Pourquoi les jeunes utilisent-ils ces codes ?
Il serait trop simple de dire : “Parce qu’ils copient bêtement TikTok.” Oui, il y a de l’imitation, de la répétition et il y a un côté franchement irritant. Mais ce n’est pas seulement cela. Les adolescents utilisent ces codes pour plusieurs raisons. D’abord, pour appartenir. Reprendre une expression virale c’est signaler que l’on partage la même culture que les autres. C’est l’équivalent numérique d’une référence musicale ou d’une manière de s’habiller. Ensuite, pour se différencier des adultes. Les jeunes ont besoin d’espaces où les adultes ne comprennent pas tout. C’est parfois inconfortable pour les parents et les enseignants mais c’est aussi une partie normale de la construction adolescente. Enfin, pour jouer avec la langue. Les adolescents ne détruisent pas forcément le langage. Ils le tordent, le compressent, le remixent, le rendent parfois absurde. Ce n’est pas toujours élégant. Ce n’est pas toujours profond. Mais c’est une activité linguistique et sociale.

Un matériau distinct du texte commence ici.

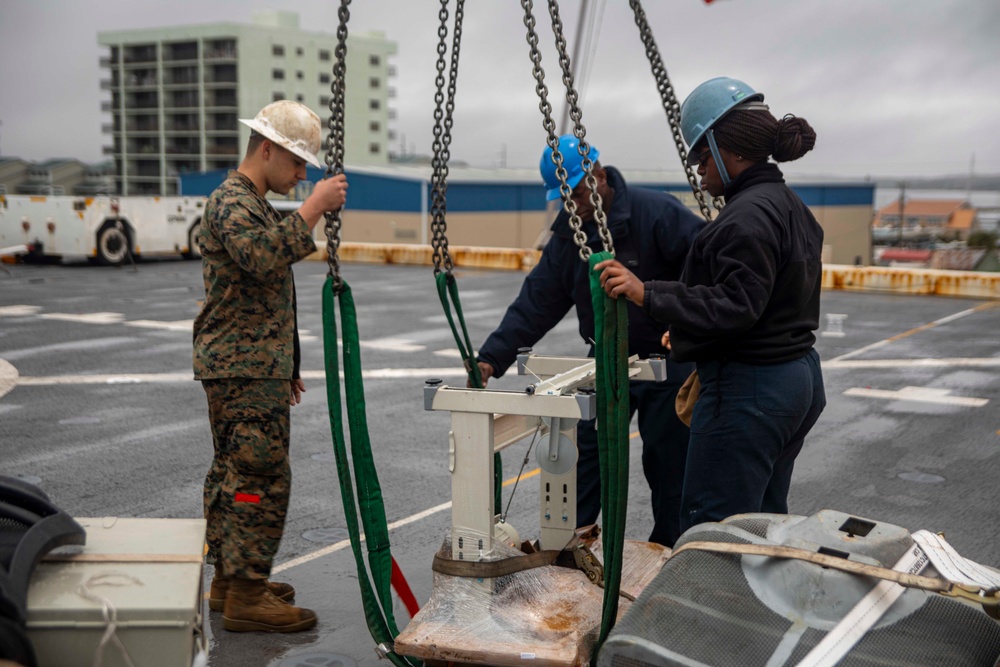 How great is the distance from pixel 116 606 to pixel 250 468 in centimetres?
166

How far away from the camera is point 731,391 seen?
3.47 meters

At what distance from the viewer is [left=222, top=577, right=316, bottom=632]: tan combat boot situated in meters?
4.26

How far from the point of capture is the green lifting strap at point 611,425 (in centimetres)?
320

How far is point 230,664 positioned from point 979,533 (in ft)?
13.3

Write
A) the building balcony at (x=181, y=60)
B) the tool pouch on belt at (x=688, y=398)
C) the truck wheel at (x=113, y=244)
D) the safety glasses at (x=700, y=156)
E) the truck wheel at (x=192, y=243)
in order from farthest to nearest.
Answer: the building balcony at (x=181, y=60) → the truck wheel at (x=192, y=243) → the truck wheel at (x=113, y=244) → the tool pouch on belt at (x=688, y=398) → the safety glasses at (x=700, y=156)

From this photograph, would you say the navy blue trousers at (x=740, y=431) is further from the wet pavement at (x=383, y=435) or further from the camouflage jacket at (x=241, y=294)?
the camouflage jacket at (x=241, y=294)

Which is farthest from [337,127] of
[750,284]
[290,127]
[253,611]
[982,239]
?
[982,239]

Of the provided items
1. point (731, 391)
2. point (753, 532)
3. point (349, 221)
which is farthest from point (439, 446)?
point (349, 221)

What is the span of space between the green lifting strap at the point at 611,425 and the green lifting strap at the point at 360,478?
0.84 meters

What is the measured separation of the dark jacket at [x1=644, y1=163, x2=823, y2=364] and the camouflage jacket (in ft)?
4.97

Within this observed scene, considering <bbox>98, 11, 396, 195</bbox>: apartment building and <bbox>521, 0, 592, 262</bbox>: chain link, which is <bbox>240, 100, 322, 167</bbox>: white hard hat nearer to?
<bbox>521, 0, 592, 262</bbox>: chain link

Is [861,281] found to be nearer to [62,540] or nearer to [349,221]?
[62,540]

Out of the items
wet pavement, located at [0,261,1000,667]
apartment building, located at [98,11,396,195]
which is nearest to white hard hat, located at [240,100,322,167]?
wet pavement, located at [0,261,1000,667]

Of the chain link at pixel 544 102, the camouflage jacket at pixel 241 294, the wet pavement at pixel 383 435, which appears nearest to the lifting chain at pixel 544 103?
the chain link at pixel 544 102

Le problème n’est donc pas que les jeunes inventent des codes. Ils l’ont toujours fait. La nouveauté, c’est que ces codes ne naissent plus seulement dans une classe, un quartier, un groupe d’amis ou une scène musicale. Ils naissent aussi dans des environnements numériques industriels, gouvernés par des algorithmes, optimisés pour la viralité et la captation de l’attention et là, le sujet devient plus sérieux.
Est-ce que cela rend les jeunes plus bêtes ?
Dire “Six Seven” ne rend pas un adolescent moins intelligent. Regarder quelques vidéos absurdes non plus. Il faut se méfier du vieux réflexe adulte selon lequel chaque nouvelle génération parlerait moins bien et réfléchirait moins avec ses mots incompréhensibles. Ce réflexe existe depuis très longtemps mais dire que tout cela n’a aucun effet serait aussi imprudent que de dire que TikTok “détruit le cerveau”. Le vrai problème n’est pas le mot “Six Seven”. Le vrai problème potentiel, c’est l’écosystème attentionnel dans lequel ces contenus circulent : vidéos très courtes, récompense immédiate, enchaînement automatique, sons répétitifs, formats mimétiques, notifications, recommandations algorithmiques et difficulté à sortir du flux. Ce n’est pas une question de bêtise. C’est une question d’attention, de sommeil, de vulnérabilité et de perte de contrôle.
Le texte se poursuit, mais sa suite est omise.